Task details — All the data that follows should be repeated exactly, without a single picture.

Given material —
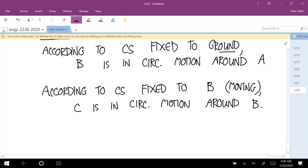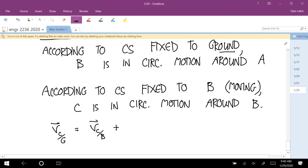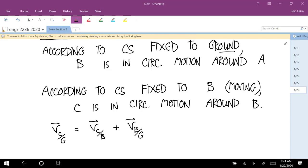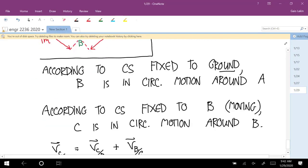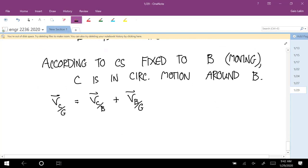We can set this up using the relative motion equation. The velocity of point C relative to the ground is equal to the velocity of C relative to B, plus the velocity of B relative to the ground. Notice that each one of these is a circular motion.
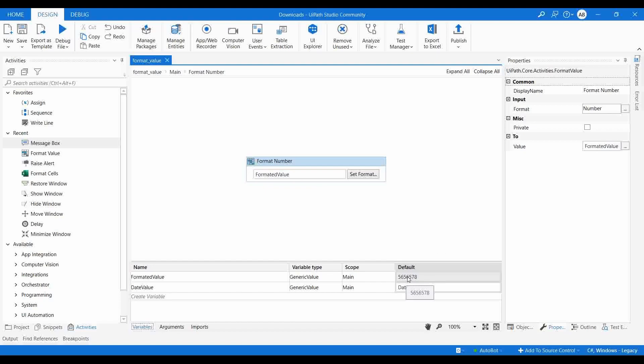For example, you are getting some data from one application and you need to insert that data into another application. In the second application, the format of that field requires a decimal point, otherwise it will throw an exception. So you need to convert or format this data with the decimal point before you can type it in the second application. For these kinds of formatting tasks, you can use the Format Value activity.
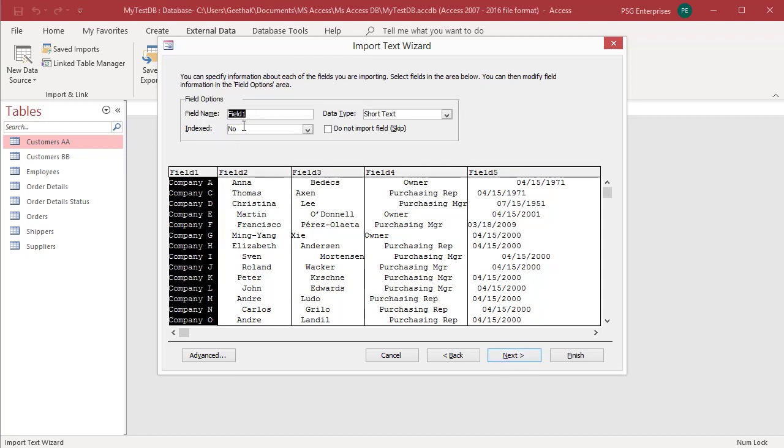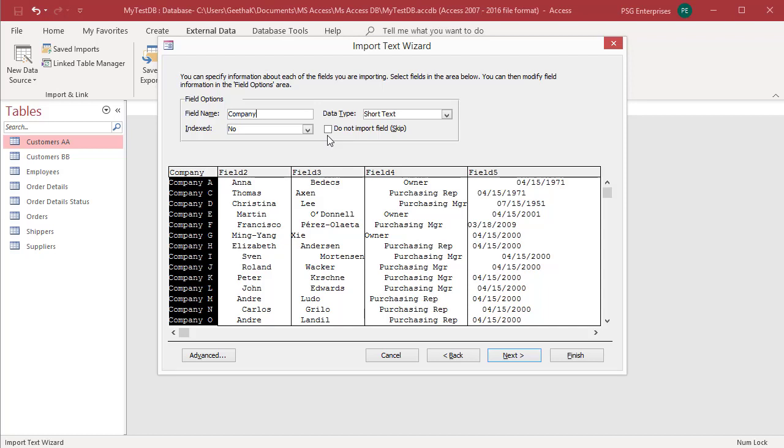Review the field properties. Click on a column in the lower half of the page to display the corresponding field's properties. Enter the field name and data type of the destination field. To create an index on the field, set index to yes. To completely skip a source column, select the Do Not Import Field checkbox. Click on Advanced button to launch the Import Specification dialog box.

Exercise output —
We can set this up using the relative motion equation. The velocity of point C relative to the ground is equal to the velocity of C relative to B, plus the velocity of B relative to the ground. Notice that each one of these is a circular motion.
For example, you are getting some data from one application and you need to insert that data into another application. In the second application, the format of that field requires a decimal point, otherwise it will throw an exception. So you need to convert or format this data with the decimal point before you can type it in the second application. For these kinds of formatting tasks, you can use the Format Value activity.
Review the field properties. Click on a column in the lower half of the page to display the corresponding field's properties. Enter the field name and data type of the destination field. To create an index on the field, set index to yes. To completely skip a source column, select the Do Not Import Field checkbox. Click on Advanced button to launch the Import Specification dialog box.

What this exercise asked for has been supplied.